━━ TASK DATA

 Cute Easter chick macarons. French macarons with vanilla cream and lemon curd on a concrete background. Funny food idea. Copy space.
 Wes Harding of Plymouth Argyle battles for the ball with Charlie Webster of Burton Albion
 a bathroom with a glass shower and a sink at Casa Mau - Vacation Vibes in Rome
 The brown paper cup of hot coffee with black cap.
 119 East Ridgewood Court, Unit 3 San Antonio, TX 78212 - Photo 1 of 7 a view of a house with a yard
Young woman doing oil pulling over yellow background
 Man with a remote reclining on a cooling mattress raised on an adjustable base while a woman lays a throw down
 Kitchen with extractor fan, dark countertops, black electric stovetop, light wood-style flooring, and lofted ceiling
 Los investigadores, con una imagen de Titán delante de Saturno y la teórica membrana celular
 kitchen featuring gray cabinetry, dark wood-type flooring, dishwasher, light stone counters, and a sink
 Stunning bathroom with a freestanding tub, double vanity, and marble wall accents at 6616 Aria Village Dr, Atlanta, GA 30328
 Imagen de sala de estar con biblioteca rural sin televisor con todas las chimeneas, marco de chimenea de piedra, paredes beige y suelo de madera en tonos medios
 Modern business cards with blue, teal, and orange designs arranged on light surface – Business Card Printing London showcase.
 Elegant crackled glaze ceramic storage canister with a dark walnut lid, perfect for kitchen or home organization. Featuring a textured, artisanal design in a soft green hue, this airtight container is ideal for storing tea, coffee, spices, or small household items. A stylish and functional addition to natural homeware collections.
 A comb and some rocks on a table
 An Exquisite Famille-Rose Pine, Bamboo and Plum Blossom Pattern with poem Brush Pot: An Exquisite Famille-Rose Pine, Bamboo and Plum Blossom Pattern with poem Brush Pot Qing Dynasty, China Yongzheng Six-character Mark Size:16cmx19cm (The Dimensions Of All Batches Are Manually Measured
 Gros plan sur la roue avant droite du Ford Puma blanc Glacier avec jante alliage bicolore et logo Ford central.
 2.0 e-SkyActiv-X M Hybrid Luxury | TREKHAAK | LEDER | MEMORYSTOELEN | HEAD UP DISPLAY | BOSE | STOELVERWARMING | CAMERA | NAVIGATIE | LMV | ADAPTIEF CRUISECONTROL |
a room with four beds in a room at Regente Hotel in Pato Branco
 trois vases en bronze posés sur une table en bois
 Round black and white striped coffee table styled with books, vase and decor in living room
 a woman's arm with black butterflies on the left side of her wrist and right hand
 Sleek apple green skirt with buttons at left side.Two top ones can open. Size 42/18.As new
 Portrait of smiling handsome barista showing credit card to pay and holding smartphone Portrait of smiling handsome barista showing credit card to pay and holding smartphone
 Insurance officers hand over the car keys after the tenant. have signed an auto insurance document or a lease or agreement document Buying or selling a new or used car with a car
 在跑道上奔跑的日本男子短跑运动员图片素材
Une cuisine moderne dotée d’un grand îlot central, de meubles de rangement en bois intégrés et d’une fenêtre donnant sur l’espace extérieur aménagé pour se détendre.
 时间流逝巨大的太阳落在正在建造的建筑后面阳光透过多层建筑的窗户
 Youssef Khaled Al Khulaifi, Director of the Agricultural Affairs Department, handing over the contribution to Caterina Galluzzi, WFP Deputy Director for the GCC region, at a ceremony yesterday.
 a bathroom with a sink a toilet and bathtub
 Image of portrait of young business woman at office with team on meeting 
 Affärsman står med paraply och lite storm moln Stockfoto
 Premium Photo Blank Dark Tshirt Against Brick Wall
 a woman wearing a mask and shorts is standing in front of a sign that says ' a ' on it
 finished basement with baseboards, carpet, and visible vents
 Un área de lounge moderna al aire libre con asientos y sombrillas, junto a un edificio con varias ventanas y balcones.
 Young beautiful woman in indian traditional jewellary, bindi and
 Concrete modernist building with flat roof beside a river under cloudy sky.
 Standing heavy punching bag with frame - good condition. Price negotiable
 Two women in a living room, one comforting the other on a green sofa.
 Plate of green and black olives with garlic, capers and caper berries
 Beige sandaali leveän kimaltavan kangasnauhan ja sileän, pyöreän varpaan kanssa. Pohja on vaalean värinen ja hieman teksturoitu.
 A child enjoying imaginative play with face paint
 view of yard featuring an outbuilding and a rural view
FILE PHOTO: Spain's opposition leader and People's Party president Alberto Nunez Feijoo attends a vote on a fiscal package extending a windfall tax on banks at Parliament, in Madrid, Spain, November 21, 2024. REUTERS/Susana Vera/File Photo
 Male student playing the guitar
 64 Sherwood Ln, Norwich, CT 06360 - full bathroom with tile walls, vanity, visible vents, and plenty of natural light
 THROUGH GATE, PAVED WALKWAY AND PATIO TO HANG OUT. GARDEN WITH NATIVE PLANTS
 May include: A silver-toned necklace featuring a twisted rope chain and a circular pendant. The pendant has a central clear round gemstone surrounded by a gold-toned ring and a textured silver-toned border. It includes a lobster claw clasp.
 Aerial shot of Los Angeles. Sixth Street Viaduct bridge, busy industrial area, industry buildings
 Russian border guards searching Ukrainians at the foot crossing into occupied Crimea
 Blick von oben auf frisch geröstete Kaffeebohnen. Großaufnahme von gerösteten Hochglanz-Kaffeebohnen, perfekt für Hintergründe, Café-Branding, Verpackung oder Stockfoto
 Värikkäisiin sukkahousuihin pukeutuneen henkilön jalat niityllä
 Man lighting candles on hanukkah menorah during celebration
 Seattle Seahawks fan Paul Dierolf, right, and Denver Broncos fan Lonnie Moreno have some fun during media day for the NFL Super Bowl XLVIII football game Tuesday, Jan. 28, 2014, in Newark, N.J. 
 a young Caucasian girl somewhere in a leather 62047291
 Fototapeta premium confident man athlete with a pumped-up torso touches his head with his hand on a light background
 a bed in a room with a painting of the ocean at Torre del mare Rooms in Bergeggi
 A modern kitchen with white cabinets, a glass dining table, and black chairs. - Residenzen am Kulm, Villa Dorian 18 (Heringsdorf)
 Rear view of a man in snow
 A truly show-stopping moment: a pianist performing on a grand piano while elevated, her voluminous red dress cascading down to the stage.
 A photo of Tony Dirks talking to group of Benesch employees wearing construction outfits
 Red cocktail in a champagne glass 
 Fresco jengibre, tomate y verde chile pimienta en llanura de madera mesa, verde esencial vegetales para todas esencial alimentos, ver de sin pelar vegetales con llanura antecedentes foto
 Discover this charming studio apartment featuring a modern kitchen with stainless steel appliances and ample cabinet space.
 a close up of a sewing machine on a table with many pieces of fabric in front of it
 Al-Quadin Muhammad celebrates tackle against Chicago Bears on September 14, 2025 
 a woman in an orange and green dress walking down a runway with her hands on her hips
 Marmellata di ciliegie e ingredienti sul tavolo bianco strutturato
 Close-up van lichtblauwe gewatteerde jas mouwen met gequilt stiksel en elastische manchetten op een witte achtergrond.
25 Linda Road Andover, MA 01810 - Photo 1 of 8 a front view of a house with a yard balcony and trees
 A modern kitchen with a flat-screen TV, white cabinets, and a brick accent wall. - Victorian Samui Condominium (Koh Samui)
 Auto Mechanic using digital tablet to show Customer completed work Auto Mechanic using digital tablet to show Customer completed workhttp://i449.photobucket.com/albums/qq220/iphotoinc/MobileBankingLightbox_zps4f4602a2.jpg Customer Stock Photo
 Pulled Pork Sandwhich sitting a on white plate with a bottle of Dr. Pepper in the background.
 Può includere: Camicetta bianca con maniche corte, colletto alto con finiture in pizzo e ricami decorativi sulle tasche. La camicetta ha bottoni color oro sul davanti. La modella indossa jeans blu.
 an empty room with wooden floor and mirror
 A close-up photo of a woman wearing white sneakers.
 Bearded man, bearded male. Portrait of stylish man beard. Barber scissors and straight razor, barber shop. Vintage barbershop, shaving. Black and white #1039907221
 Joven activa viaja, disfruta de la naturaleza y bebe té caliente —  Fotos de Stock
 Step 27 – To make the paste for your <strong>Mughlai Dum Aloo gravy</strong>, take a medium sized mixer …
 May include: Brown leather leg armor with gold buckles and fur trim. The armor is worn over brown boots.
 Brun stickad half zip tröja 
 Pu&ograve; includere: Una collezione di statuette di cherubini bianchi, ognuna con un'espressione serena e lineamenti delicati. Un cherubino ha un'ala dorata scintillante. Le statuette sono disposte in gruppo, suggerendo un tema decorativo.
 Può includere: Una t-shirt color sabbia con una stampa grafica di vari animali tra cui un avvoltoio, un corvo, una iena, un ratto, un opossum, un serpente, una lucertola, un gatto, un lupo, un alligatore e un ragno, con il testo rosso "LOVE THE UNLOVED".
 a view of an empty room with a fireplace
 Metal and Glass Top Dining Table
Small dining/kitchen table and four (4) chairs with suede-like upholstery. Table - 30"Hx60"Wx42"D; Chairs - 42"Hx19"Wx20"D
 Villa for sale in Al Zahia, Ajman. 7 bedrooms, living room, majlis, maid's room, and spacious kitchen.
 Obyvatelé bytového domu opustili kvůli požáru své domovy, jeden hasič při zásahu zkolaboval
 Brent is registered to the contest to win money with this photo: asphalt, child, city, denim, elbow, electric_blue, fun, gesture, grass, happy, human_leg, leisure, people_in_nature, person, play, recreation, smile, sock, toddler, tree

━━━━

▸ **EXERCISE BRIEF**: Identify each line of the material where the word "brown" shows up, and copy it.

▸ **ANSWER SECTION**:
 The brown paper cup of hot coffee with black cap.
 May include: Brown leather leg armor with gold buckles and fur trim. The armor is worn over brown boots.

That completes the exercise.